Assim que se aproximaram do edifício, uma senhora, carregando uma sacola, abriu a porta.
— Terá de achar outro lugar para passar a noite, Hermione — disse, através do lenço de lã que lhe cobria a boca e o nariz. — O aquecimento central não ficou pronto, e talvez ainda demore. O bombeiro hidráulico falou que vai depender de quando as peças chegarão.
Feito o aviso, a senhora apressou-se para pegar o táxi que a esperava.
— Ótimo! O fim perfeito para um dia perfeito!
— Sem problemas. Pode subir, pegar algumas roupas e ficar lá em casa. Tenho um quarto de hóspedes grande e confortável, e garanto que está aquecido.
Harry ficou surpreso consigo mesmo por ter feito aquele convite, mas, quanto mais pensava a respeito, mais lhe soava coerente.
O que mais poderia fazer? Afinal, tivera uma boa parcela de culpa naquilo tudo. Hermione estava investigando a tentativa de assassinato de seu irmão Daniel, o novo rei de Altaria. Fora incumbido de auxiliá-la no que fosse necessário. E, tendo Hermione a seu lado, poderia cumprir a promessa que lhe fizera de que tudo ficaria bem com ela e o bebê. E, caso melhorasse, poderiam revisar as perguntas que pretendia fazer durante o interrogatório da família Potter.
— Não, não posso ficar com você. — Dizendo isso, Elena voltou-se para encará-lo e, a julgar pela expressão daquele rosto bonito, o inferno congelaria antes que ela aceitasse sua oferta.
— Não seja tola, Hermione! Ambos sabemos que não pode ficar aqui.
— Eu vou... ficarei em um...
Harry balançou a cabeça ante a hesitação dela.
— Foi o que imaginei. Não tem a mínima idéia de onde ficar, não é?
— Irei para um hotel.
— Isso é um absurdo.
Ela lhe dirigiu um olhar indignado.
— É mesmo? E por quê?
— Porque precisa de alguém para cuidar de seu bem-estar.
Harry desejou ter usado um pouco mais de diplomacia e formulado a frase de maneira diferente.
Pôde notar, pelo súbito estreitamento dos ombros esbeltos e as faíscas de raiva nas íris castanhas de Hermione, que cometera um grande erro.
— Sr. Potter, nunca precisei de ninguém para tomar conta de mim. Sempre fui sozinha desde que me conheço por gente. Não vejo nenhuma razão para mudar isso agora.
— Hermione, não quer perder seu bebê por causa de uma convicção fútil, não é? Pense no que for melhor para a criança. Se isso significa pernoitar em minha casa, deixe o orgulho de lado e aceite minha oferta.
A expressão dela mudou de indignada para ansiosa e amedrontada.
Harrya tomou nos braços puxando-a para si.
— Perdão, querida.

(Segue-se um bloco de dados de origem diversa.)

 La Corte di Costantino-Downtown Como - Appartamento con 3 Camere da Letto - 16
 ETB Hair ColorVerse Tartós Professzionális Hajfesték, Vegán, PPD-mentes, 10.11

Não deveria ter falado desse modo.
Hermione meneou a cabeça.
— Sim, deveria, Harry. Você tem razão. Preciso pensar na segurança de meu filho. Porém, ainda acho melhor ir para...
Para onde iria, senão para um hotel? Não podia ir para a casa de um parente, pois não tinha nenhum. A última mãe adotiva, a única pessoa que se preocupou e se esforçou para ficar com ela depois que deixara o abrigo de menores, ficaria feliz em ajudá-la. Porém, Molly Weasley vivia na pequena cidade de Johnston, a uns trezentos quilometros ao sul do Estado.
Poderia se hospedar com um amigo, mas parecia que Michael tinha ganho a custódia dos poucos amigos que fizeram durante seu conturbado casamento.
Enquanto Harry continuava a enlaçá-la com ternura, sentiu que a resolução de recusar aquela oferta começava a se esvair. Não passavam de dois estranhos, contudo ele colocara seu lar à disposição dela.
Um calor que não sentia havia muito, muito tempo se apossou de sua alma. Tentou com todas as forças ignorar aquilo. Não queria pensar em Harry Potter de outra forma que não fosse um playboy egocêntrico como seu ex-marido. Era o único modo de manter uma relação profissional entre eles.
— Existe algum lugar para onde possa ir?
Hermione meneou a cabeça.
— Então, está resolvido. — Harry abriu um sorriso encantador. — Agora, vamos subir e apanhar algumas coisas para levar. Aqui está congelando!